2011 Palmer Cup
- Dates: June 9–11, 2011
- Venue: The Stanwich Club
- Location: Greenwich, Connecticut
| United States | 13 | 11 | Europe |
- United States wins the Palmer Cup

= 2011 Palmer Cup =

Team golf competition in the United States

The 2011 Palmer Cup was held on June 9–11, 2011 at The Stanwich Club, Greenwich, Connecticut. The United States won 13 to 11.

==Format==
On Thursday, there were four matches of four-ball in the morning, followed by eight singles matches in the afternoon. Four foursomes matches were played on the Friday morning with a further eight singles in the afternoon. In all, 24 matches were played.

Each of the 24 matches was worth one point in the larger team competition. If a match was all square after the 18th hole, each side earned half a point toward their team total.

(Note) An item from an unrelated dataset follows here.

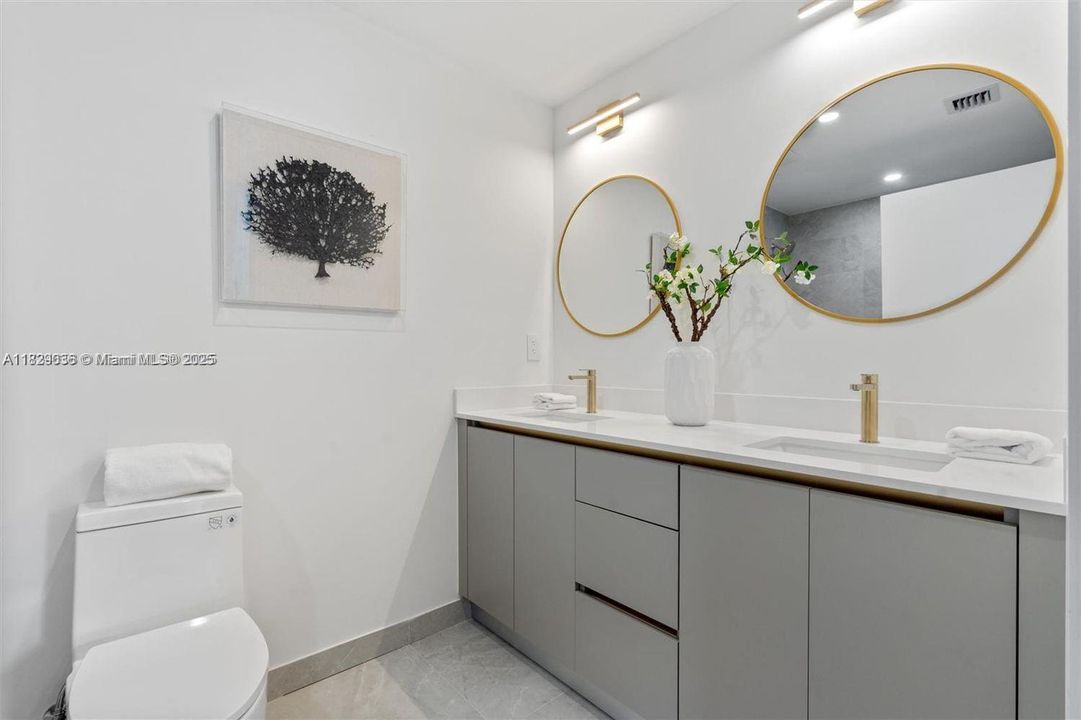 合同活跃: $698,100 (3 贝兹, 2 浴室, 1633 平方英尺)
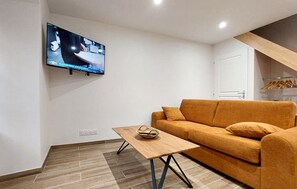 Smart TV - Lovely home in Verteuil-sur-Charente with WiFi (Verteuil-sur-Charente)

The team that accumulated at least 12½ points won the competition.

==Teams==
Eight college golfers from the United States and Europe participated in the event.

United States
| Name | College |
| Tim Poe head coach | Central Missouri |
| Michael Burcin assistant coach | South Carolina |
| Blayne Barber | Auburn |
| Patrick Cantlay | UCLA |
| Alex Carpenter | Abilene Christian |
| Russell Henley | Georgia |
| Daniel Miernicki | Oregon |
| Arnond Vongvanij | Florida |
| Chris Williams | Washington |
| Andrew Yun | Stanford |

Europe
| Name | Country | College |
| Rickard Lindberg head coach | Sweden |  |
| David Ingles assistant coach | Scotland | Northwestern |
| Sebastian Cappelen | Denmark | Arkansas |
| Nacho Elvira | Spain | Texas A&M |
| Nils Florén | Sweden | Texas Tech |
| Jeff Karlsson | Sweden | Kennesaw State |
| Robert S. Karlsson | Sweden | Liberty |
| Henrik Norlander | Sweden | Augusta State |
| Nick Macandrew | Scotland | Aberdeen |
| Pontus Widegren | Sweden | UCLA |

==Thursday's matches==

===Morning four-ball===
| | Results | |
| Cappelen/Elvira | USA 2 & 1 | Vongvanij/Yun |
| Florén/J. Karlsson | EUR 4 & 2 | Cantlay/Carpenter |
| R. Karlsson/Macandrew | USA 4 & 3 | Miernicki/Williams |
| Norlander/Widegren | USA 3 & 2 | Barber/Henley |
| 1 | Four-ball | 3 |
| 1 | Overall | 3 |

===Afternoon foursomes===
| | Results | |
| Florén/Macandrew | USA 5 & 4 | Vongvanij/Yun |
| Cappelen/Elvira | EUR 5 & 3 | Barber/Carpenter |
| J. Karlsson/R. Karlsson | halved | Miernicki/Williams |
| Norlander/Widegren | EUR 5 & 4 | Cantlay/Henley |
| 2½ | Foursomes | 1½ |
| 3½ | Overall | 4½ |

==Friday's singles matches==
| | Results | |
| Pontus Widegren | EUR 6 & 4 | Arnond Vongvanij |
| Nick Macandrew | USA 7 & 6 | Andrew Yun |
| Nils Florén | EUR 3 & 2 | Daniel Miernicki |
| Jeff Karlsson | EUR 2 & 1 | Alex Carpenter |
| Robert S. Karlsson | halved | Patrick Cantlay |
| Sebastian Cappelen | EUR 1 up | Russell Henley |
| Nacho Elvira | halved | Chris Williams |
| Henrik Norlander | USA 2 & 1 | Blayne Barber |
| 5 | Singles | 3 |
| 8½ | Overall | 7½ |

==Saturday's singles matches==
| | Results | |
| Nick Macandrew | USA 3 & 1 | Patrick Cantlay |
| Nils Florén | EUR 4 & 2 | Alex Carpenter |
| Jeff Karlsson | USA 6 & 5 | Arnond Vongvanij |
| Robert S. Karlsson | USA 5 & 3 | Daniel Miernicki |
| Sebastian Cappelen | EUR 1 up | Russell Henley |
| Nacho Elvira | halved | Blayne Barber |
| Henrik Norlander | USA 3 & 2 | Chris Williams |
| Pontus Widegren | USA 1 up | Andrew Yun |
| 2½ | Singles | 5½ |
| 11 | Overall | 13 |

==Michael Carter award==
The Michael Carter Award winners were Russell Henley and Nacho Elvira.